BRAVE a young adolescence after-school programme. Aims: To empower young girls and boys to attend school, to value each other and to work hard. To discuss issues of sex, gender, violence, equality and social change.
Delivered to both girls and boys in rural schools in Malawi.
Onto the practicalities of the past eight months.
Since January, project BRAVE has completed workshops in 7 Primary Schools. In Malawi, Primary School goes up to a year 9 equivalent. Secondary School is then your four final years of schooling. Working towards JCE exams for two years and MSCE exams for the final two years.

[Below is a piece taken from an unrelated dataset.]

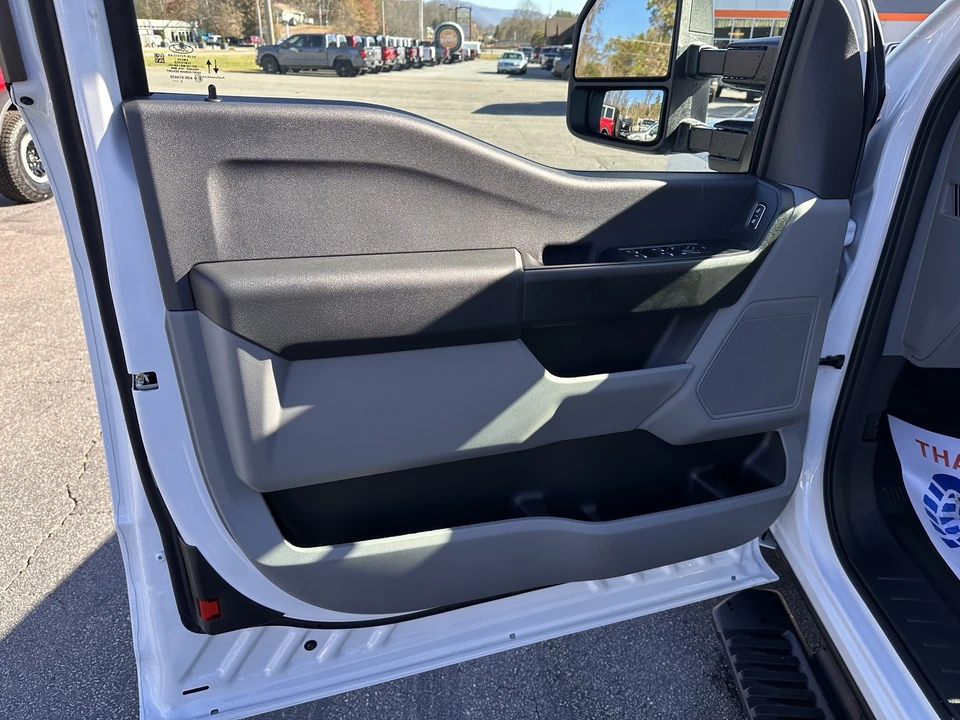2026 Ford Super Duty 5th Gen - Image 10 of 21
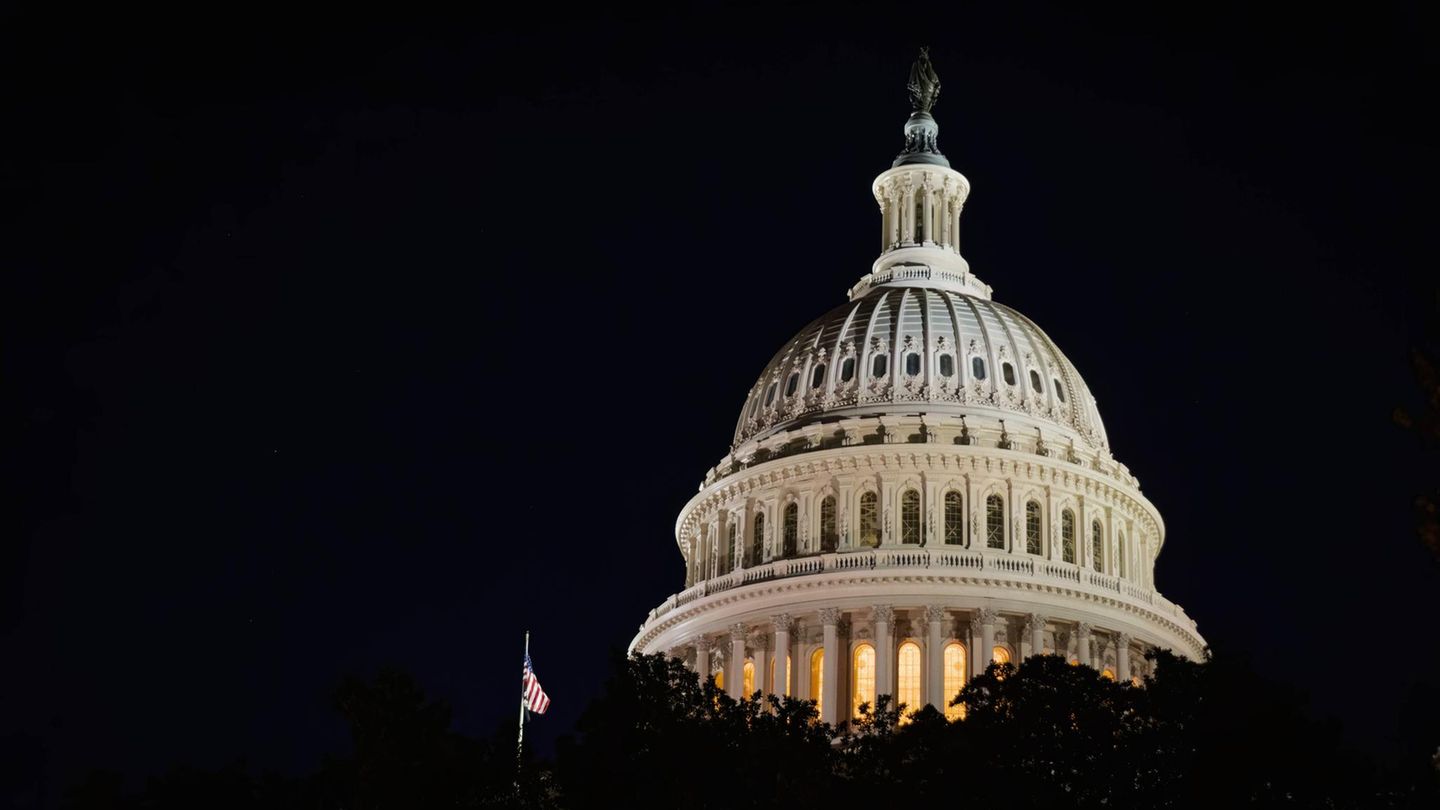 Donald Trump prevails: Congress paves away for tax cuts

We deliver the BRAVE programme to Standard 6 in Primary Schools. Research has shown education in pre-adolescence is effective for mindset change and future-impacting decision-making.
The 7 schools:
Kachere 19 girls 11 boys
Masuku 17 girls 11 boys
Mbame 39 girls 39 girls
Ntayamwana 18 girls 9 boys
Mtemaumo 12 girls 14 boys
Nankhufi Noble 21 girls 12 boys
St Mary's Chimwabvi 13 girls 18 boys
The BRAVE project consists of once-a-week afternoon workshops for 12 weeks. The workshops deliver a Malawian curriculum, exploring concepts of gender, roles, and equality; as well as reproduction education and critical conversations on rights, gender-based violence and sexual abuse.
The workshops involve mixed sessions and split girl/boy sessions. Icebreaker challenges and activities bring out confidence and encourage freedom in discussing challenging topics.
Along with workshops, two of the schools, Mbame and St Mary's Chimwabvi, delivered a role-play drama to the school, parents, teachers, chiefs and local community police officers.
These were a powerful way to communicate to teachers and parents about some unhelpful commonplace behaviours in Malawi. There was much laughter, embarrassment and some pointing of fingers. Well received in both schools, the topic has opened doors for conversations and will be an instrument of positive change.
We have also worked with Mbame police to deliver school talks about community and safety.
As part of this outreach, we took two school trips to the new safe house at the police station to raise awareness of its services and purpose.
Some feedback from some of the students:
Patricia 15 years old
Thank you for coming to my school, I have been so encouraged by the trainings. Thank you for the education and the discussions. Most of all thank you for the pads, because I have been skipping school each month during my period. I have never owned reliable materials to cope with my period. Please don't stop giving more girls these things, there are so many of us who face the challenges of a period without pads.
Mtemaumo Standard 6 group statement:
The students at Mtemaumo primary school held a reflection session and decided to create good relationships with each other. Helping each other to make their school a happier and healthier place. They missioned to motivate each other and the community to reduce inequalities. They are starting a club for "civilisation and human activity" to maintain ideals for future generations and help finish their education and break the cycle of poverty in the community.
Evergreen aged 14
I decided to leave school. I didn't have a reason. I have 6 siblings, 5 of who also dropped out of school. I decided to come to BRAVE workshops because of the sanitary materials. From the sessions, I decided I wanted to go back to school, and I also received extra counselling sessions through the project, which have helped me come back to school and make good decisions for my future.